▶ **Brief**
Restate word for word the section of the entries that opens at the line containing "Cinco Principais Modelos" and closes at the line containing "Etui Spigen Slim", both lines kept, pictures dropped.

▶ **Records**
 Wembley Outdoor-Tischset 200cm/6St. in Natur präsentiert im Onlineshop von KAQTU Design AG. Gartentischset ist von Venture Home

--

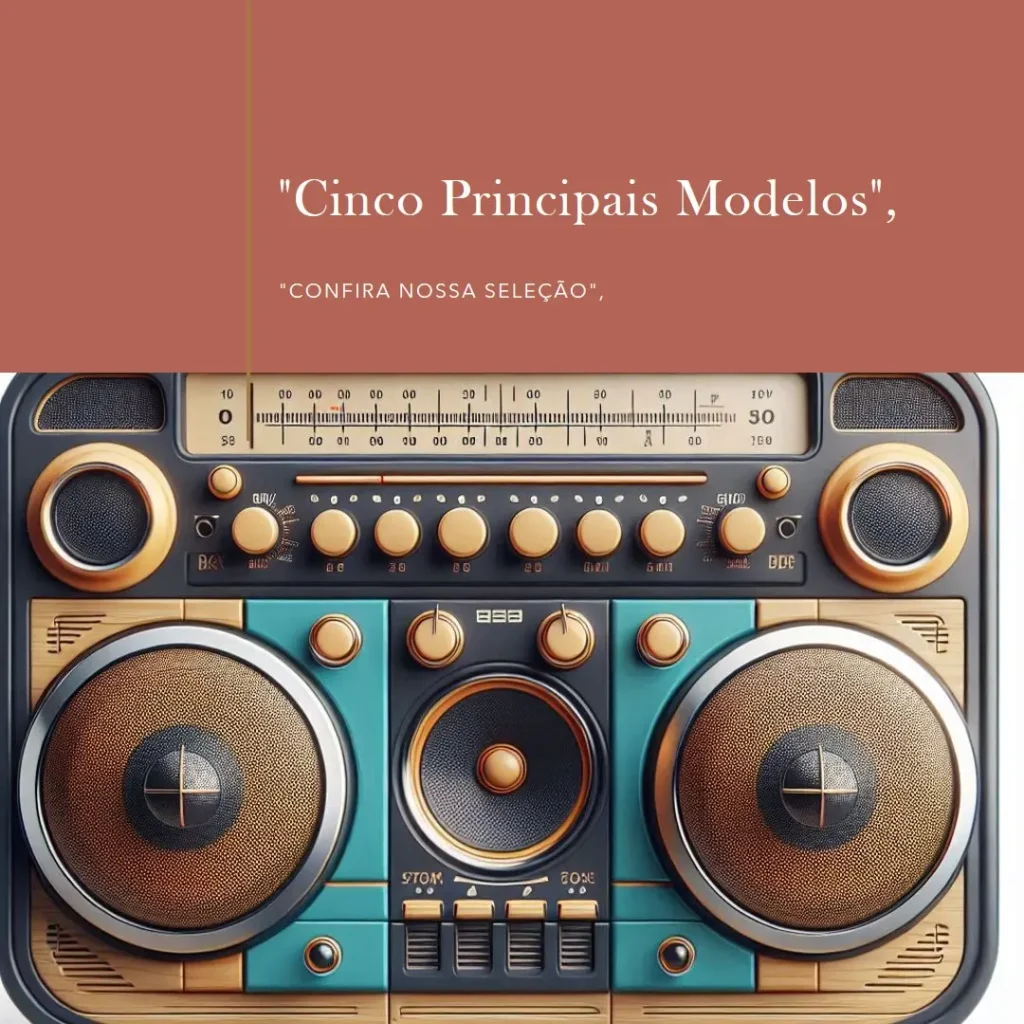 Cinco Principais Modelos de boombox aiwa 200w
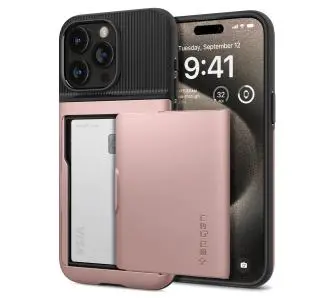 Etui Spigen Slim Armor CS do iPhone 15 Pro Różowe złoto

---

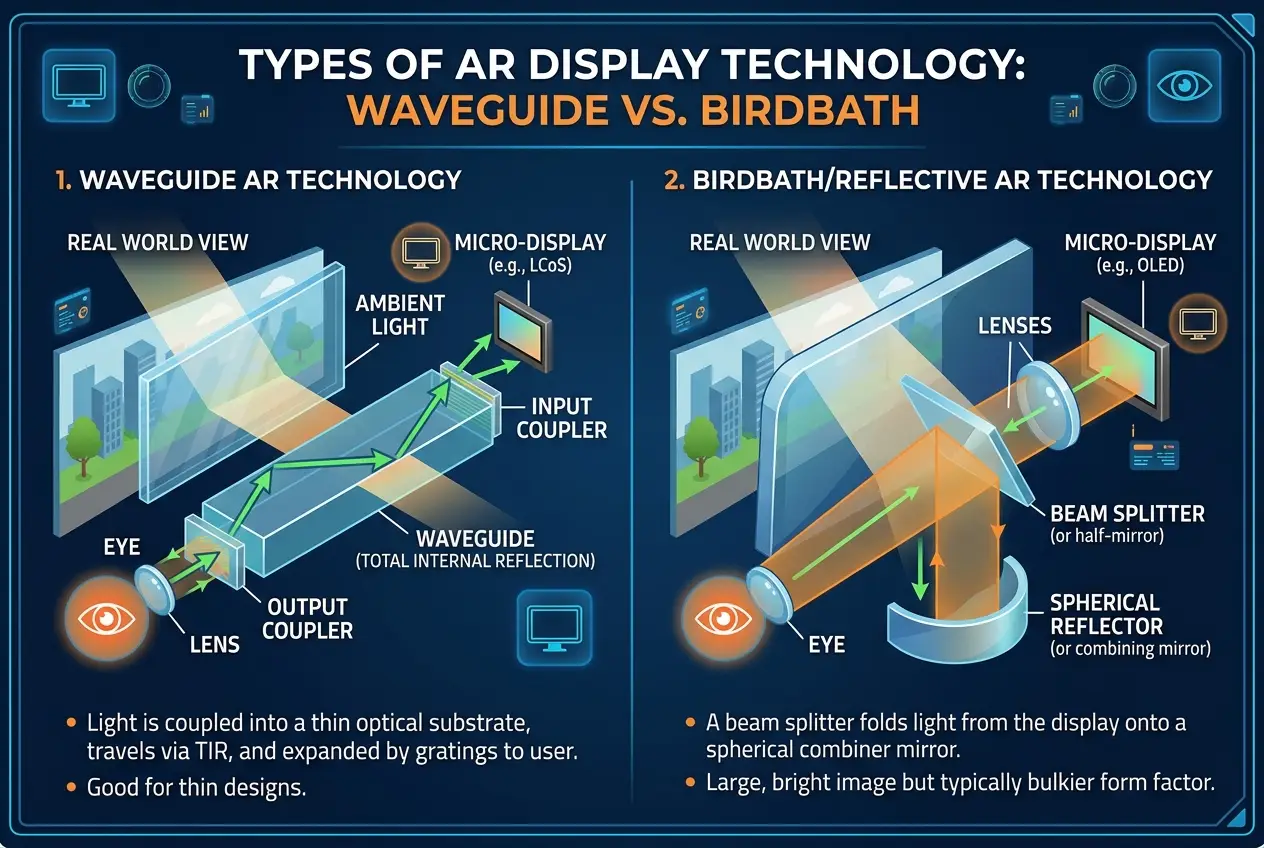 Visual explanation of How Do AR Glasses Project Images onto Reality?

▶ **Task response**
 Cinco Principais Modelos de boombox aiwa 200w
 Etui Spigen Slim Armor CS do iPhone 15 Pro Różowe złoto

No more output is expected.